TASK REQUIREMENTS
Keeping pictures out of the copy, restate each record word for word.

[[ DATA EXTRACTS open ]]

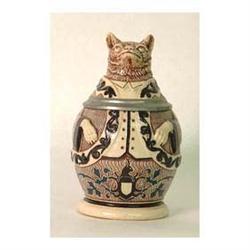 German stein #8672. Figural of fox wearing lo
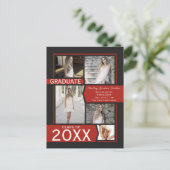 赤5枚写真コラージュ卒業おめでとうカード ポストカード (スタンド正面)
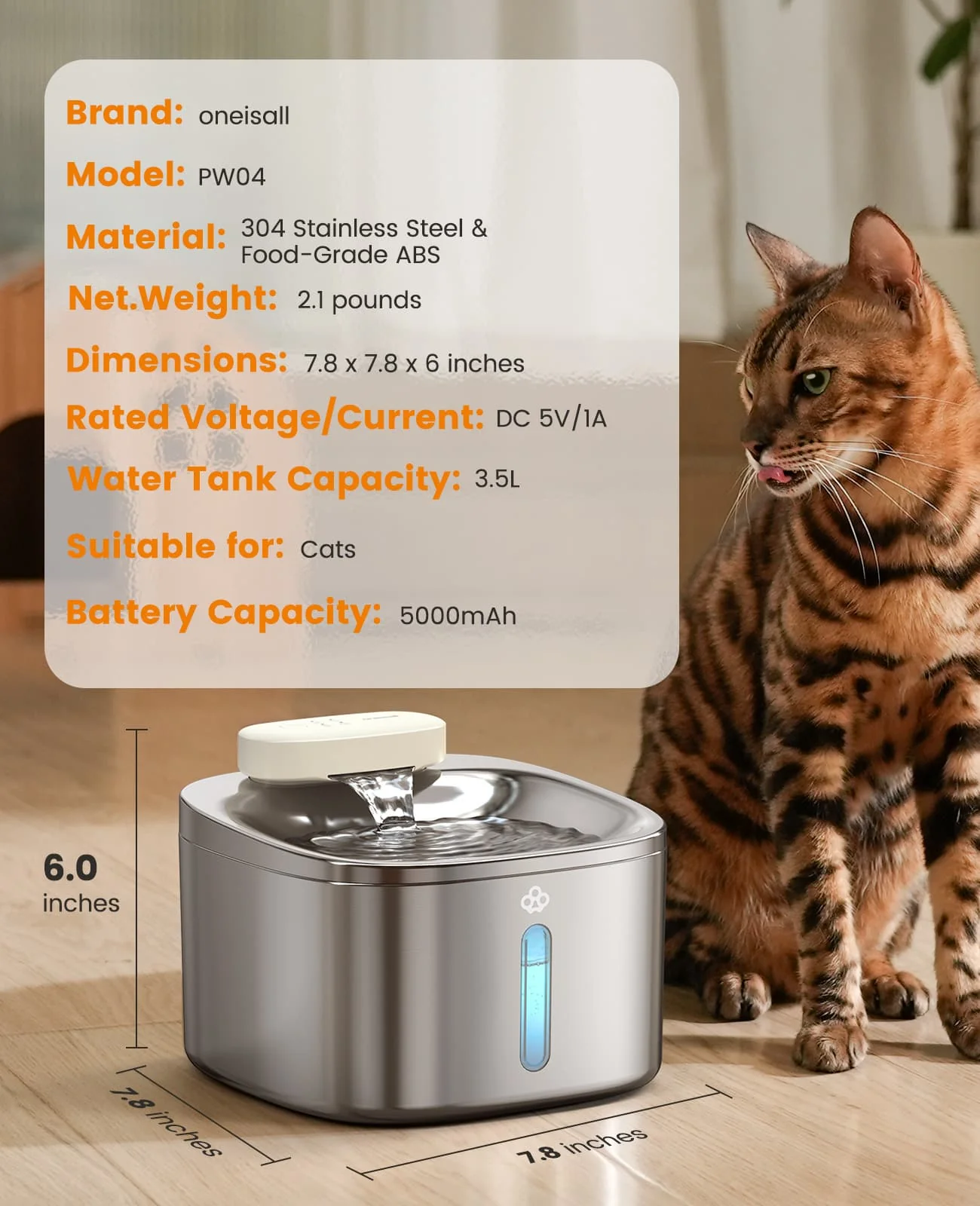 Oneisall 2L Cat Water Fountain & 7L Pet Water Fountain Set - Image 26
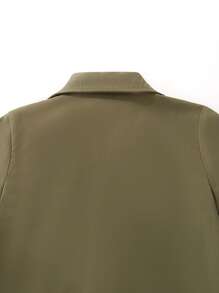 男童传统风格短袖衬衫，年轻男孩休闲复古印花衬衫服装 - 軍綠色 - 查看 6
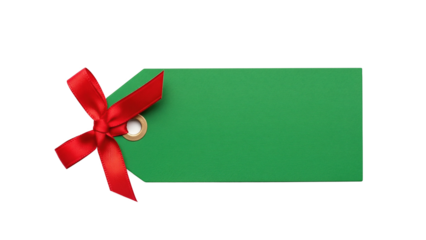 Green gift tag with red ribbon and bow for holiday wrapping  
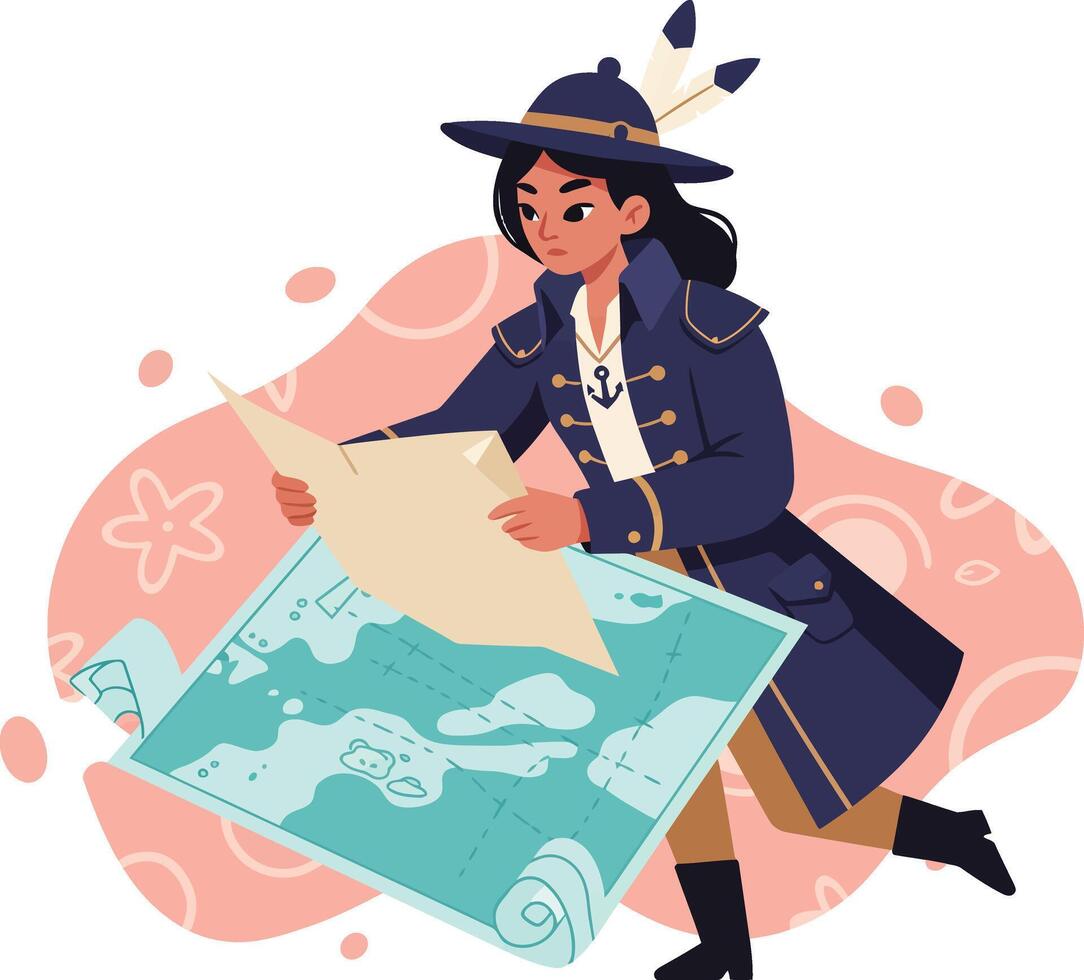 Female pirate holding treasure map exploring unknown routes in adventurous sea journey illustration vector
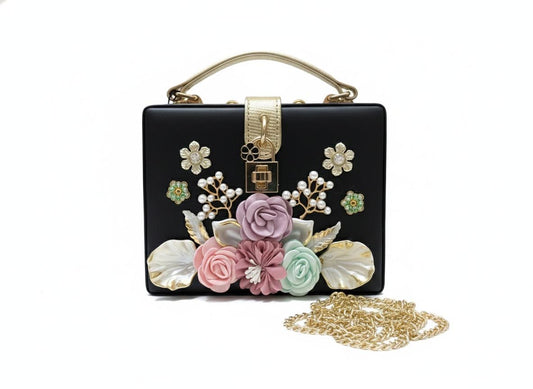 İlk Bakışta Aşk 💕 Çiçek Detaylı, İnci Işıltılı Özel Tasarım Kadın Çanta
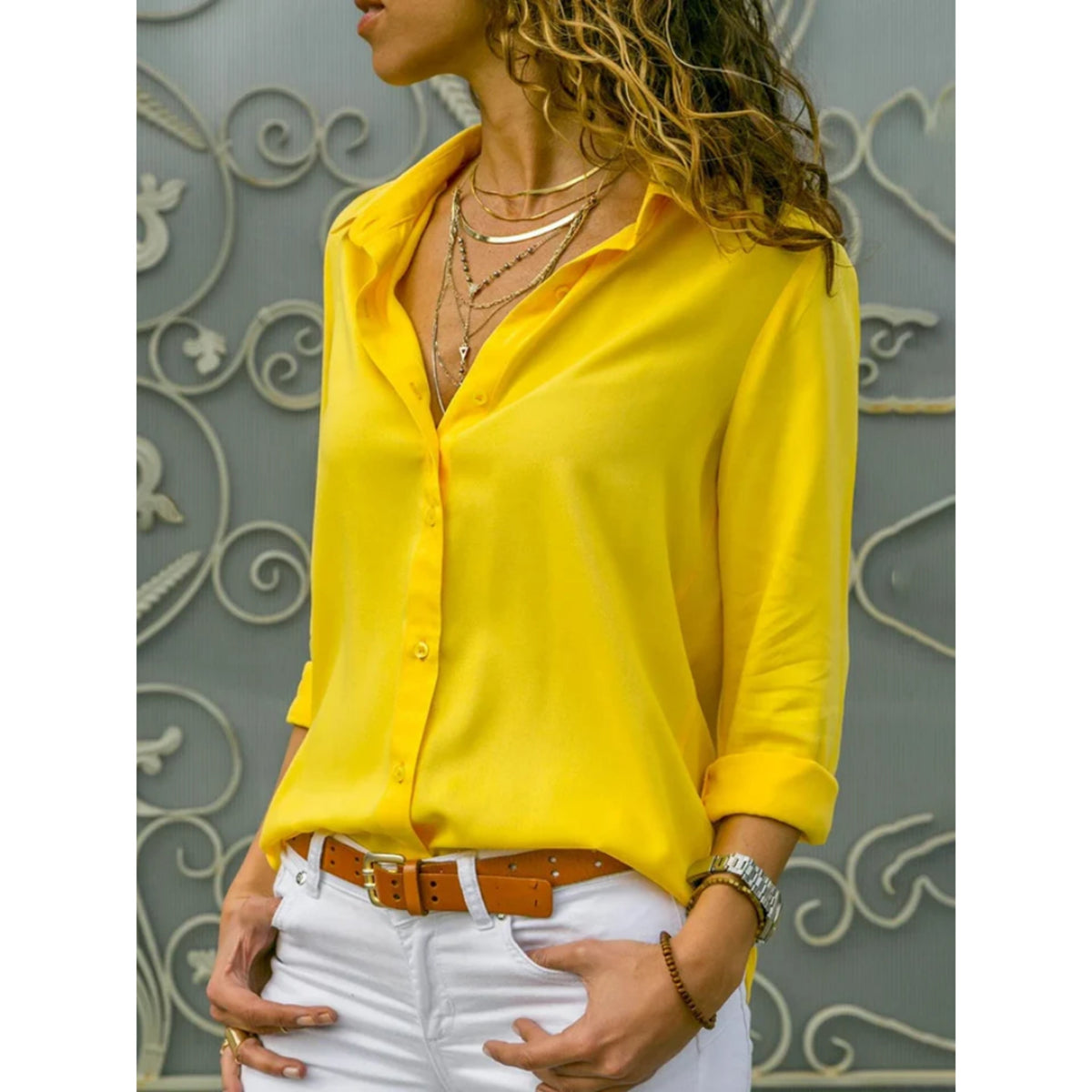 Women's Long Sleeve Button Front Blouse – Tailored Office Work Blouse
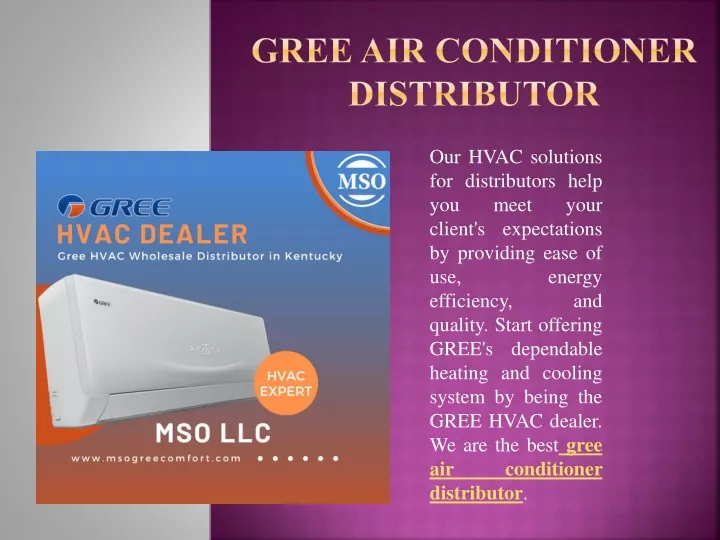 PPT Gree air conditioner distributor PowerPoint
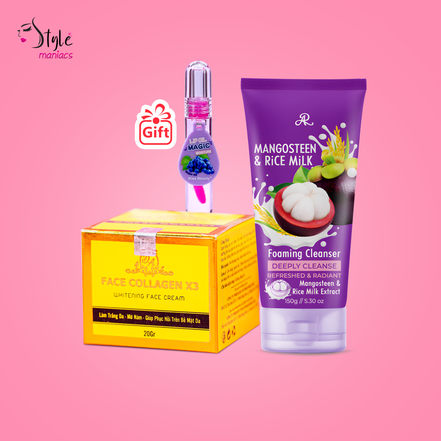 Face Collagen x3 cream & Mangosteen Facewash combo (Magic Mirror Lip Balm (FREE))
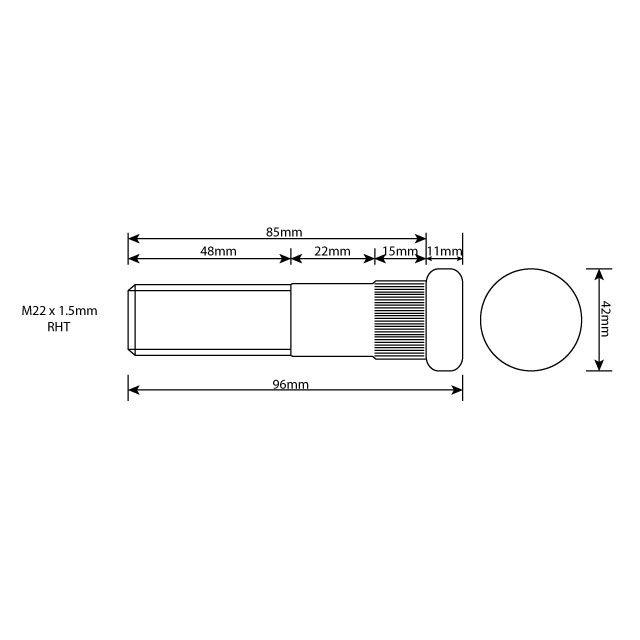 WHEEL STUD M22X1.5 RHT 85MM UH photo 2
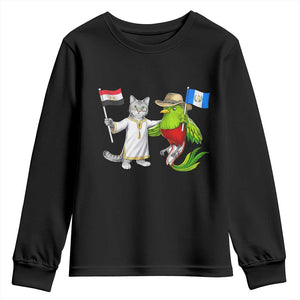 Egypt and Guatemala Friendship Heritage Pride Youth Sweatshirt Cute Cat and Quetzal Holding Flag
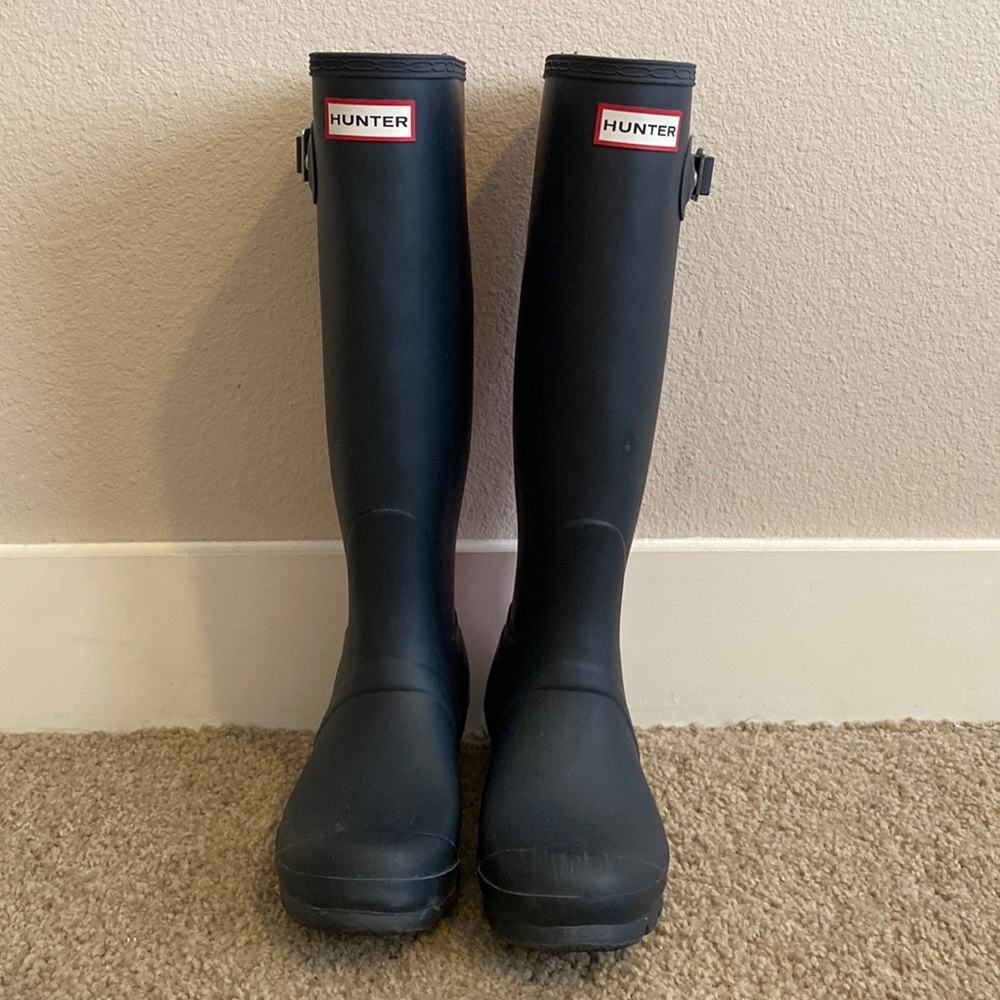 Navy/Fuschia Stripe Hunter Wellington Boots EU38/SIZE 7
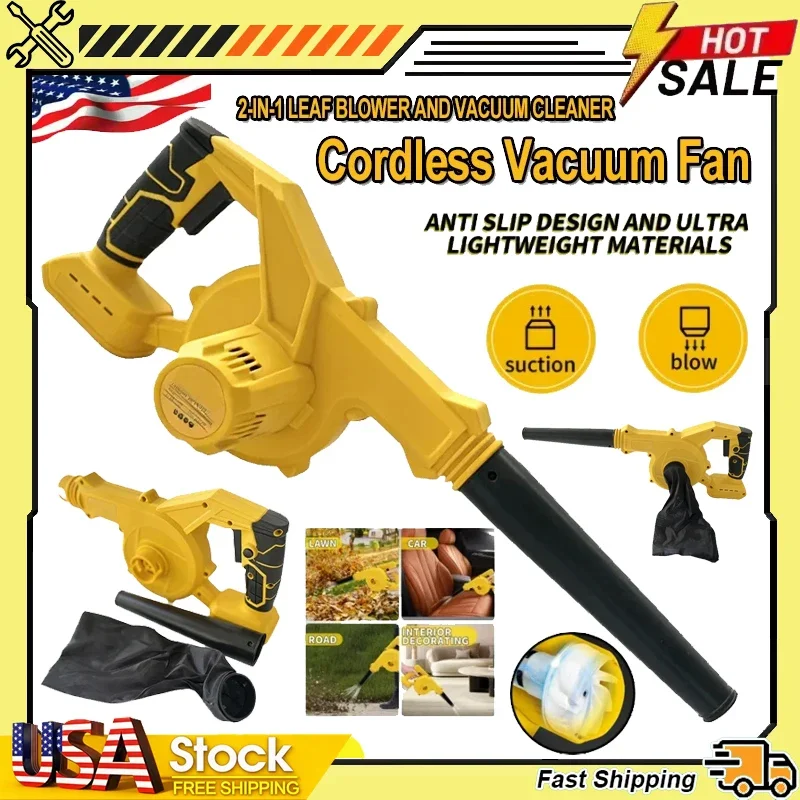 

Аккумуляторный воздуходув и пылесос 2-в-1 для DeWalt, электрический пылесборник для компьютеров, очиститель от листьев, электроинструмент для аккумуляторов 18В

[[ DATA EXTRACTS closed ]]

ANSWER TO THE PROBLEM
 German stein #8672. Figural of fox wearing lo
 赤5枚写真コラージュ卒業おめでとうカード ポストカード (スタンド正面)
 Oneisall 2L Cat Water Fountain & 7L Pet Water Fountain Set - Image 26
 男童传统风格短袖衬衫，年轻男孩休闲复古印花衬衫服装 - 軍綠色 - 查看 6
 Green gift tag with red ribbon and bow for holiday wrapping  
 Female pirate holding treasure map exploring unknown routes in adventurous sea journey illustration vector
 İlk Bakışta Aşk 💕 Çiçek Detaylı, İnci Işıltılı Özel Tasarım Kadın Çanta
 Women's Long Sleeve Button Front Blouse – Tailored Office Work Blouse
 PPT Gree air conditioner distributor PowerPoint
 Face Collagen x3 cream & Mangosteen Facewash combo (Magic Mirror Lip Balm (FREE))
 WHEEL STUD M22X1.5 RHT 85MM UH photo 2
 Egypt and Guatemala Friendship Heritage Pride Youth Sweatshirt Cute Cat and Quetzal Holding Flag
 Navy/Fuschia Stripe Hunter Wellington Boots EU38/SIZE 7

Аккумуляторный воздуходув и пылесос 2-в-1 для DeWalt, электрический пылесборник для компьютеров, очиститель от листьев, электроинструмент для аккумуляторов 18В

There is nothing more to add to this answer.